The Technologist as Skeptic

In the wake of “You Are Not a Gadget,” some people read Lanier’s views as “anti-technology.” He waves off the charge. Lanier believes a critical component of his work as a technologist is taking a hard look at the ways we use – and misuse – technology.

“I think it’s hucksterism to be working on technology without also being a skeptic or being cautionary about how to misuse it,” he said. “So I view being a critic, being tough on us, on myself, on our technology, as part of my responsibility of being a technologist.”

Perhaps unsurprisingly, Lanier is a prolific writer; in addition to his books, he frequently writes op-eds that appear in publications such as the Wall Street Journal and the New York Times. He views that public life as essential to who he is, and before he joined Microsoft he made sure that the company was OK with the fact that he spoke his mind frequently.

“I asked what if I say something that upsets someone at Microsoft?” he said. “They said ‘we’re grownups, we’ll live.’ I thought that was great.”

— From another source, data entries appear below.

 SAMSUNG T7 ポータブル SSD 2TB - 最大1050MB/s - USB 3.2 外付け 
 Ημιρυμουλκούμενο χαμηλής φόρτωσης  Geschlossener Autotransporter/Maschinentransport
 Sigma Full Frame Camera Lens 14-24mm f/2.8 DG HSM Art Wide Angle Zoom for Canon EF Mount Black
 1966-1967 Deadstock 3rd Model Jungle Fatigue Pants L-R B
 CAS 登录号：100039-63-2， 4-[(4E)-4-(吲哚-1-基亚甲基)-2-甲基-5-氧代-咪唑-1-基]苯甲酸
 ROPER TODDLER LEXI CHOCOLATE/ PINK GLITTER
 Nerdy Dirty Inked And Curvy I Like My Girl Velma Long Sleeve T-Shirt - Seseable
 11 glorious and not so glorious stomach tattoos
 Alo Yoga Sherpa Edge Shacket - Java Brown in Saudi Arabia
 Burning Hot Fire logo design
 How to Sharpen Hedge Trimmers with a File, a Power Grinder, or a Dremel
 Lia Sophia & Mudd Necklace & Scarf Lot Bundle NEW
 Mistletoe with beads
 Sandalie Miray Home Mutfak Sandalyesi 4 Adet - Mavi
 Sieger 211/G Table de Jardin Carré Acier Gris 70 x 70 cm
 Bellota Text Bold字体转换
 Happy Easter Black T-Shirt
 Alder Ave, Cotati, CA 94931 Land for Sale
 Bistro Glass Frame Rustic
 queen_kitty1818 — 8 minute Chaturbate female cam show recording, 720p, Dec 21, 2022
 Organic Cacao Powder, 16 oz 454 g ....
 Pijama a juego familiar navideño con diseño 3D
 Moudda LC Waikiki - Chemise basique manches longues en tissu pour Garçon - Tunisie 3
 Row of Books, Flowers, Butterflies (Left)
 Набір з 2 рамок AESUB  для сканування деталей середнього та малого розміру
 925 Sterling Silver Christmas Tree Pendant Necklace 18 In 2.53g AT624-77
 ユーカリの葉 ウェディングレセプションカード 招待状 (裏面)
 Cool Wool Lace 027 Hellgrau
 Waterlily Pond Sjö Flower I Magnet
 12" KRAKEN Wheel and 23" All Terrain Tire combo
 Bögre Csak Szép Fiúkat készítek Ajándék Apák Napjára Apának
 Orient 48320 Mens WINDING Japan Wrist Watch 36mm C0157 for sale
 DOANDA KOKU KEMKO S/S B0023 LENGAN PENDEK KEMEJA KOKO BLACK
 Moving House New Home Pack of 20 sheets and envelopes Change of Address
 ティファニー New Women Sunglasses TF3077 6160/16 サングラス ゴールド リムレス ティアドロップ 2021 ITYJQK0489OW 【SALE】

So as he researches the future of computing at Microsoft Research, he’ll also sound the alarm whenever he sees technology take what he feels is a wrong turn. But despite that skeptical eye, he firmly believes technology is essential to humanity’s future. He bemoans the dystopian visions Hollywood typically offers when it portrays technology in the coming decades. Lanier himself has dabbled in the movies; he was an advisor on 2001’s “Minority Report.” As much as he enjoyed the experience, he disagreed strongly with the film’s “back-to-nature” ending.

“You can’t turn against technology to find a meaningful future,” he said. “If that’s what you think is a happy ending, we’re all going to starve to death.”

At the end of the day, Lanier proclaims he is an optimist. He believes technology is our hope for a better tomorrow.

“Of course I’m an optimist – otherwise, what are you doing here?” he said. “Find yourself another planet if you don’t want to be optimistic about this one. We’ve hit the limits of the earth as we understand it, and now the pressure is on technologists to come through. And I believe we will.”